I even tried to walk away, to leave the lighthouse and revenge behind—but as I said, The Darkness isn’t that sort of game. Even though I wanted it to be, it couldn’t be, because Jackie never had a choice. He was a prisoner of the Darkness, of his own misery, and of course, of you, and I, and the things we expect from our videogames.
If you told me that I had made this all up, that none of this really existed in that product, I probably couldn’t deny it. I love The Darkness, and I’ve spent a lot of time (over) thinking about it—and maybe to you it’s just a fun shooter with a solid script. It whispered to me, though—and if a narrative is possessed of such sincerity that I can extrapolate ramblings such as these from it, then there must be something there.

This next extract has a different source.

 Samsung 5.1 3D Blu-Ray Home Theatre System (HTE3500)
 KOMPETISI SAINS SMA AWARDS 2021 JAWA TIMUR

I don’t know if The Darkness II will carry the torch, in that respect. I’ve seen the game played, and I know that they have taken the gameplay to a new level: faster, sharper, and expanded—and certainly, that is something to applaud. The care and quality of a narrative, though? That is something that can’t be grasped from a demo. I have little doubt that Digital Extremes can craft a great demonic shooter—but whether they will produce a worthy successor to The Darkness remains to be seen.
I prefer 4 year gaps personally. This annual game nonsense needs to stop.
Comment by Ujn Hunter — September 15, 2011 @ 6:51 pm
Im pretty sure this game was the reason I bought an Xbox, good to know others liked it to lol I bought it off a friend a few days after it came out for 5 bucks because he wanted to get rid of it so bad. Can’t wait for the new one. And I agree about the 4 year wait not being a bad thing.